Michael's thinking profoundly influenced me on that day in September 1988; it changed my life personally, allowing me to experience myself in a way that was both kinder and more loving. What that encounter also provided, however, was an invitation into a way of thinking about people, about problems, and about therapy that has forever changed my way of working. I cannot imagine thinking any other way.
In those early years I prided myself on believing I was reading what Michael was reading: Geertz, Foucault, Derrida, Edward Bruner, Jerome Bruner, Victor Turner, Barbara Myerhoff, as I was continually introduced to new ideas from anthropology, literary theory, social psychology. I soon couldn't keep up, as Michael's learning process was unstoppable.
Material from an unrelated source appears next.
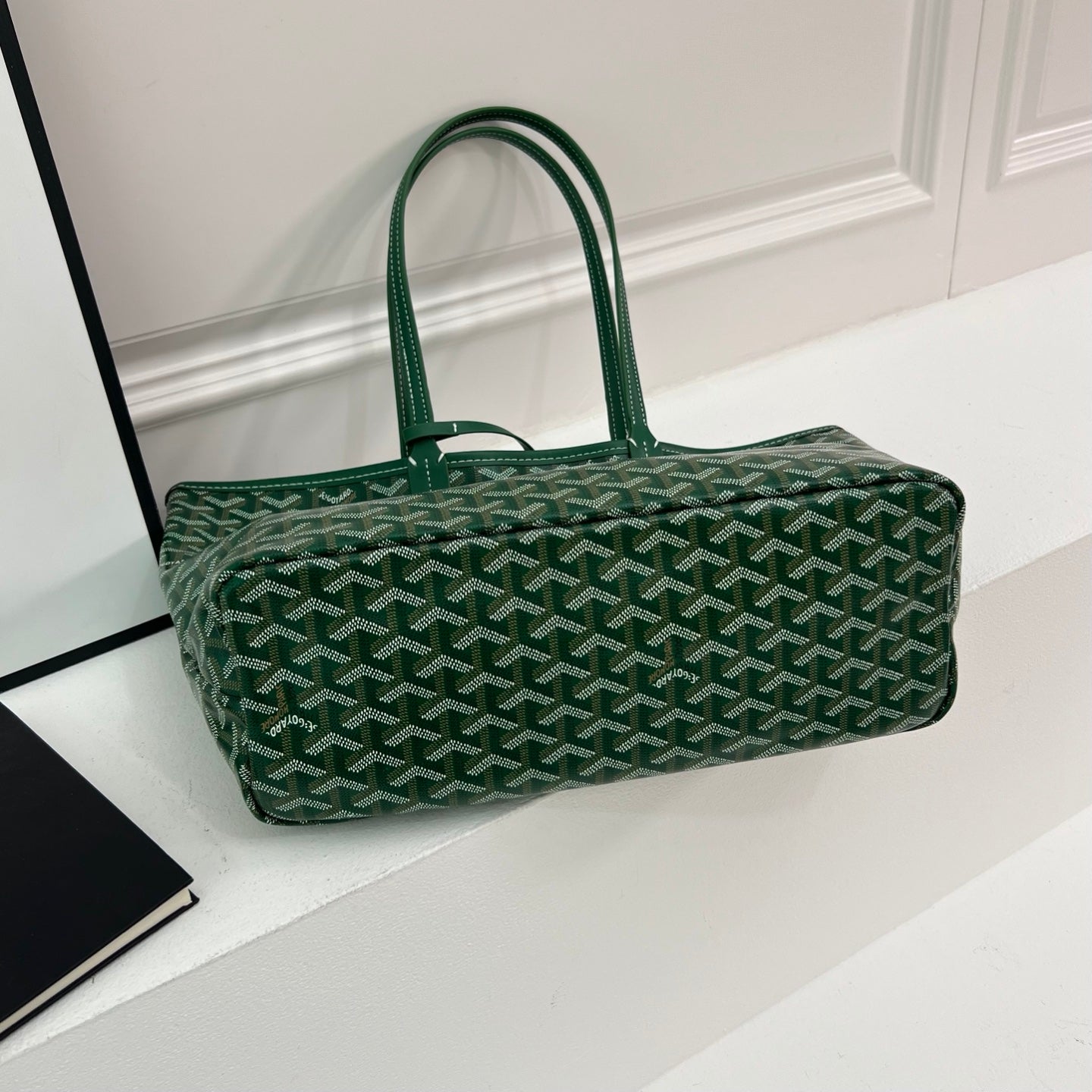 Classic large-capacity tote bag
Over time, I was honored to be able to host Michael in many appearances in the U.S., even though his work spread out to the far reaches, not only in North America, but also to international sites. I was also able to help spread Michael's ideas through my own writing (mostly in collaboration with Jeff Zimmerman) and my teaching.
In 1999 I wrote a small article for the AFTA Newsletter honoring Michael as he was receiving the AFTA award that year for Distinguished Contribution to Family Therapy Theory and Practice. When I asked Michael to look it over before I submitted it, he wanted to ensure that I emphasized that it was not the person but the ideas that were important. Undeniably, Michael, as a person, made a profound impact on many, many people; even those who may not have been entranced by narrative ideas found his presence empowering.
In the spirit of the ideas, however, knowing that they will carry Michael's spirit for years to come, I would like to emphasize three specific ways of thinking that hold what I believe are key to a narrative approach. I will also give examples of how these ideas have influenced my own work.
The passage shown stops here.